Ethnicity and Racism - Stirring the Pot
@1 May 2005
Other articles dealing with cross-cultures: "Cultural Operating Systems - Thoughts on Designing Cultures", 2010; "Senate Inquiry into the Status of Australian Expatriates", 2004; "Korean, American and Other Strange Habits - You Do It Your Way - two books reviewed", 2003; Individualism or the Group", 2001; "When Is It Rude To Be Rude? - Politeness Across Cultures and Subcultures", 2001; "The Price of Freedom - an Escape from Vietnam", 1984
The topic here is ethnicity. Yet it has been posed to me by a student (below) through the medium of American culture. Maybe that is inevitable...
There is a sense in which a lot of Koreans know more about America than I ever will. It is a focus for their dreams and abominations. For my generation of Australians at least, America has mostly seemed like an extension of the suburban boredom that we know so well at home, so we are often content to leave its deeper mysteries unplumbed. Yet for both the Koreans and for me, love it or loathe it, we find that the superpower of the age becomes a measure for all things, and an unavoidable part of our discourse.

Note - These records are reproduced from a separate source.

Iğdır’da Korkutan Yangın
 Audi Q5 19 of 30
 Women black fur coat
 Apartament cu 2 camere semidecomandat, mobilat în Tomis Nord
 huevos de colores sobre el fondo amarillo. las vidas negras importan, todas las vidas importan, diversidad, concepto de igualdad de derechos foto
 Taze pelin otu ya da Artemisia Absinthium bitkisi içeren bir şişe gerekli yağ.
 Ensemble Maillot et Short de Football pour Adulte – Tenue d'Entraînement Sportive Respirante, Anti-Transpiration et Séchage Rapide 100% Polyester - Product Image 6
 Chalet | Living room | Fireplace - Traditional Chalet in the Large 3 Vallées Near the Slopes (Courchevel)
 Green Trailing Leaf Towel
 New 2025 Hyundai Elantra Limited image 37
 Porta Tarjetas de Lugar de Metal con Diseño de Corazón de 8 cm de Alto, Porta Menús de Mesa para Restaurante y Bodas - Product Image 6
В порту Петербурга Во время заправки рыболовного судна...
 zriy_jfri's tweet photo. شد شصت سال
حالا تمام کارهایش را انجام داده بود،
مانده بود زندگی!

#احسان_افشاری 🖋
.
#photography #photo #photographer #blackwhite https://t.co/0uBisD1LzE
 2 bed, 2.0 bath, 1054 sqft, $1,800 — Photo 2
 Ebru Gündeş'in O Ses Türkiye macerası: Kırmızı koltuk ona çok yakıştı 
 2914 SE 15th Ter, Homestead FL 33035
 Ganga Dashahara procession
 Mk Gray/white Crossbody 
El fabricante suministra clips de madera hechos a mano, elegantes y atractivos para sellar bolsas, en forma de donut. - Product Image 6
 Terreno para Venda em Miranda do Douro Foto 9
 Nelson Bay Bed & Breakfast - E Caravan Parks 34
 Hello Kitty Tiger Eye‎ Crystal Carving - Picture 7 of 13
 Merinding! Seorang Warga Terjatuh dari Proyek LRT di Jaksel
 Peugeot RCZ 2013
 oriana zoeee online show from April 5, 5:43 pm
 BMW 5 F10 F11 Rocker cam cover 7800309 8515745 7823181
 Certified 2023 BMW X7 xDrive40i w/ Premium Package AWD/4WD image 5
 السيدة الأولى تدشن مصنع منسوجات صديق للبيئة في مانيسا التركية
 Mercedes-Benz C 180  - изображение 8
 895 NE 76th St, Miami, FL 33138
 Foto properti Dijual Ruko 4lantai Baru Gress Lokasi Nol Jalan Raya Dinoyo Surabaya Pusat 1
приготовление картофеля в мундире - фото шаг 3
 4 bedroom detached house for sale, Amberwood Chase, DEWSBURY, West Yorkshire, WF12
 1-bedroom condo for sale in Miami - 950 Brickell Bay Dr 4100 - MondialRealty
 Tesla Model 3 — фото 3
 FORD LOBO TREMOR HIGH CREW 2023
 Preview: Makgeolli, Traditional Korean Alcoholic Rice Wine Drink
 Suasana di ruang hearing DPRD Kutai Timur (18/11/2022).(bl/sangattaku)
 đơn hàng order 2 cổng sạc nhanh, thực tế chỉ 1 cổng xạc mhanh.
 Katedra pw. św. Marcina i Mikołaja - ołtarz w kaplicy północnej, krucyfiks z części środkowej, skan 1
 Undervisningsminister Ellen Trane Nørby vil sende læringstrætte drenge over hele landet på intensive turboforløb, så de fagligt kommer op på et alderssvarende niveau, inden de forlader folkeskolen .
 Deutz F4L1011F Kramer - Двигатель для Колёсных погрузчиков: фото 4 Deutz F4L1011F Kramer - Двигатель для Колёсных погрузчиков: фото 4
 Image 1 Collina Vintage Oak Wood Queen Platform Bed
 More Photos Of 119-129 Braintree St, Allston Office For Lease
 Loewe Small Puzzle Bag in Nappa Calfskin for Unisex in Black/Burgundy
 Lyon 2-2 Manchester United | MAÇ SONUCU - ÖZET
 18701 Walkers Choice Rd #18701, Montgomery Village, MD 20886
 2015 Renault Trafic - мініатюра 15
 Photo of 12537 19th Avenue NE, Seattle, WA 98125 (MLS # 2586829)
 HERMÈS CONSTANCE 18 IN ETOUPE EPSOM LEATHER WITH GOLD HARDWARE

The strange thing is, as an Australian in South Korea, I find myself taken to be knowledgeable on all things American, and trapped into parading my personal narrow vision of that culture through the prism of my own. The e-mail from a student below draws me relentlessly into comparisons. Ethnicity is always a volatile topic. Well, judge it through your own prism, as you must ....
Hi, teacher can you remember me?
The reason I writing this e-mail to you is to ask you about the ethnic segregation in U.S.
As I remember you were...from Australia. Am I correct? ^^;; If you don't know about that topic and if you don't want to answer to my question for collecting some data because you're busy.....It's OK .... I'm just sending an e-mail to share some idea about unfairness for immigrants who living in some foreign countries....
The day before yesterday, I read a column which was written by a female writer. The title of the column was 'Making the Mosaic'. In her writing, she was talking about the recent situation about several problems for immigrants.
There are so many immigrants now in U.S.A. Even the female writer was born and grown up in Irish-Italian family.
In the column, one American politician mentioned about "Authentic American". Through that phrase, I could feel that (racism) ethnical discrimination still existing somewhere out there in U.S.
The writer was arguing not only about immigration boom but also about lack of educational system for early immigrant's new generation. The young kids.
What do you think Prof. May? Have you ever read that column in NY times?
Maybe you already know overall situation about immigration problems with ethnic segregation.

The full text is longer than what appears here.